» **Records provided**:
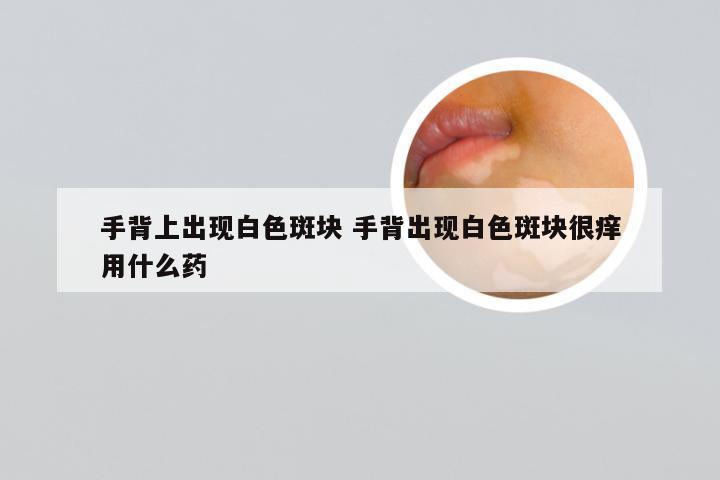 手背上出现白色斑块 手背出现白色斑块很痒用什么药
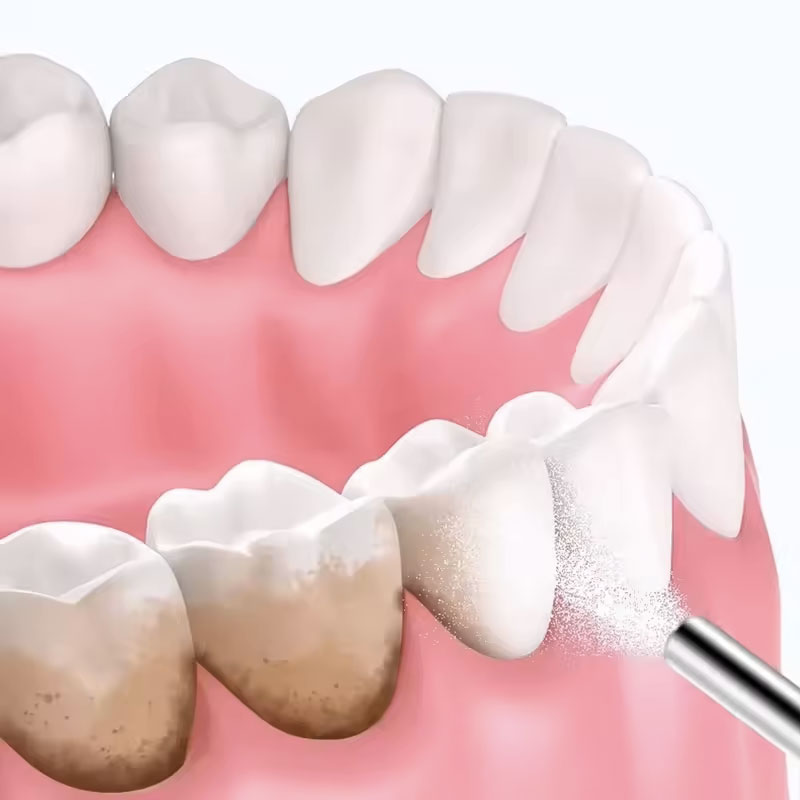 130g 치아 샌드블라스팅 파우더 치아 미백 파우더 샌 - Teeth Whitening Co 리뷰 및 가격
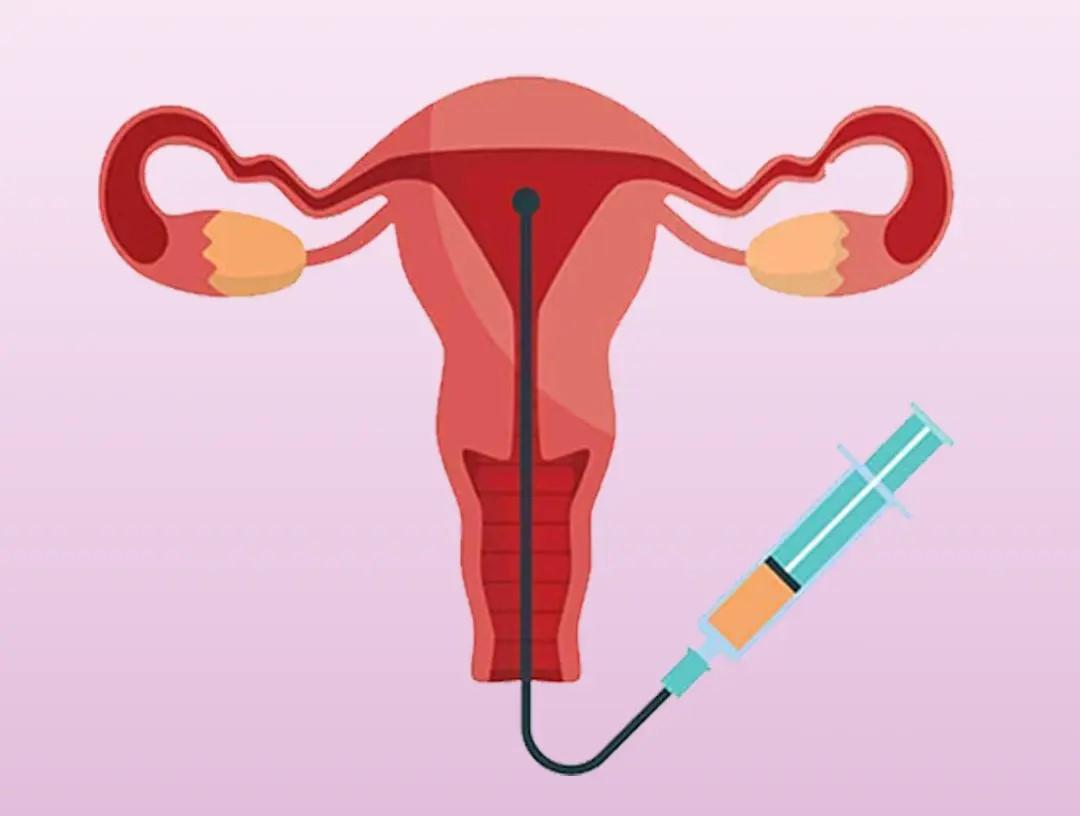 Intrauterine Insemination (IUI)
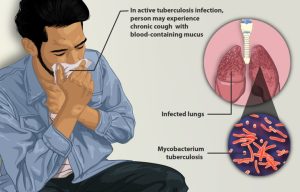 Tuberculosis outbreak in Kansas city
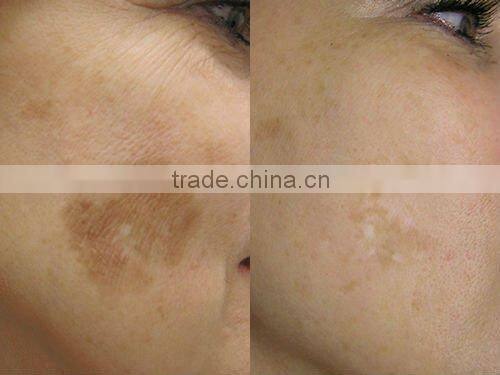 ND yag 1064 laser for pigment freckle and spots removal machine D006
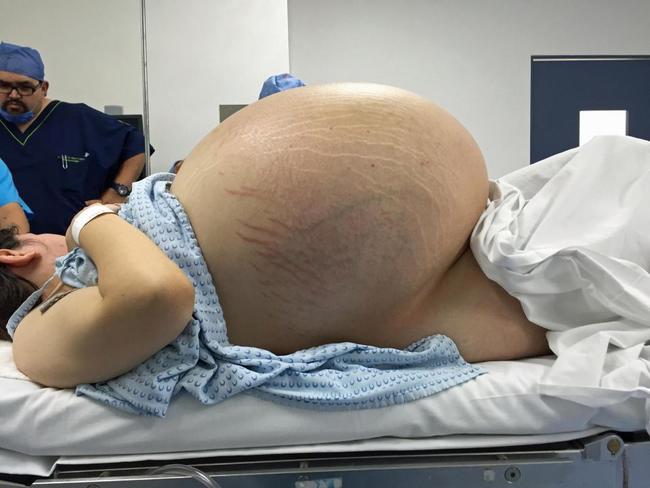 慎入! 女子肚藏31公斤囊腫 像塞進10個嬰兒 | 華視新聞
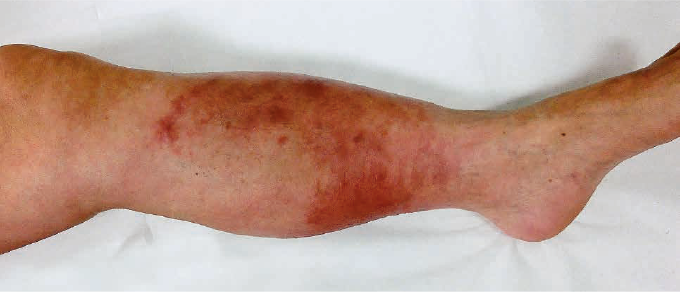 鼠径部の蜂窩織炎の原因は何ですか?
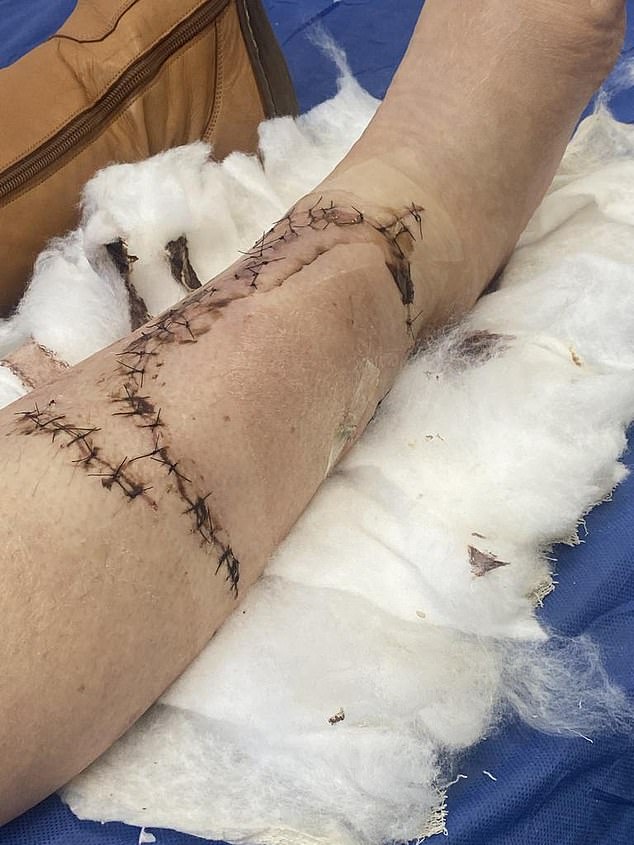 As she spent her morning swimming next to the Beachport jetty in South Australia, the shark first latched onto her lower leg before attacking her a second time.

» **What to produce**: Every entry above should come back exactly as written, except for its pictures.

» **Response to this exercise**:
 手背上出现白色斑块 手背出现白色斑块很痒用什么药
 130g 치아 샌드블라스팅 파우더 치아 미백 파우더 샌 - Teeth Whitening Co 리뷰 및 가격
 Intrauterine Insemination (IUI)
 Tuberculosis outbreak in Kansas city
 ND yag 1064 laser for pigment freckle and spots removal machine D006
 慎入! 女子肚藏31公斤囊腫 像塞進10個嬰兒 | 華視新聞
 鼠径部の蜂窩織炎の原因は何ですか?
 As she spent her morning swimming next to the Beachport jetty in South Australia, the shark first latched onto her lower leg before attacking her a second time.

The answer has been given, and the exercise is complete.